First forgive me for not being online and blogging. I have had so much happen to me..not all good but it happens. I lost my job..but God is good..my unemployment is as much as I made!! I always need prayer for things and right now it is for getting my act together. I have a web site that deals with artists www.discoveredartists.com/donnasfineart hope you like it. It has as many art paintings on it as I could put. Funny..I seemed to always post when I didn't have time and when I have time I don't post?! Go figure? I think it is the part of us that gets a little down when we loose a job. We just can't seem to make it back right away...we sit and ponder, we tell ourselves, "Okay God, I know I have to read but I'm just gonna watch a little TV now, ya know I never did before?" Then the days go on and on and on, and then you have no excuse except being lazy. You find yourself in your PJ's until 1pm. You find yourself watching soap operas more than usual. Internet surfing and facebooking becomes addicting...then you realize..God is starting to be the least one you run to!!

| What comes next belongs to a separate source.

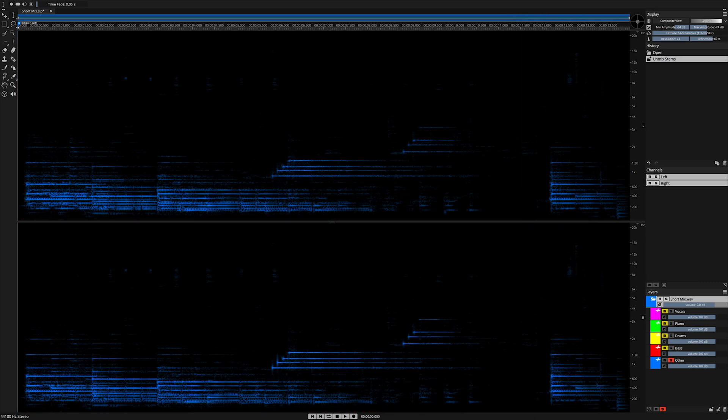And finally, on the fifth layer, the other layer category, we have the cleanly extracted electric piano, unmixed using artificial intelligence in Spectralayers Pro 7.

WHY! I don't know, I don't have the answers and yet it continues. I decided to go back and start posting. I decided the ones that read my posts were always the ones who built me up, helped me seek and knew that the only way was JESUS!! I kept every posting in my journal while I was working, I read every scripture and every daily while I was working..and now..it's hard...I don't want it hard I want to run to the "Father" I want to place my trust back where it was.
So we join as one again. We remain in the faith as one again...and pray together as one again..if not then we can't call ourselves "sisters in the Lord", right? I wrote good blogs and I want to continue. Help me to do that!!
I found this in my daily but I think it helps me today " Be thankful for quiet days, when nothing special seems to be happening. Instead of being bored by the lack of action, use times of routine to seek my face. You are richly blessed when you walk trustly with Me through the routines of your day." Psalm 105:4 and Colossians 3:23
I love you all!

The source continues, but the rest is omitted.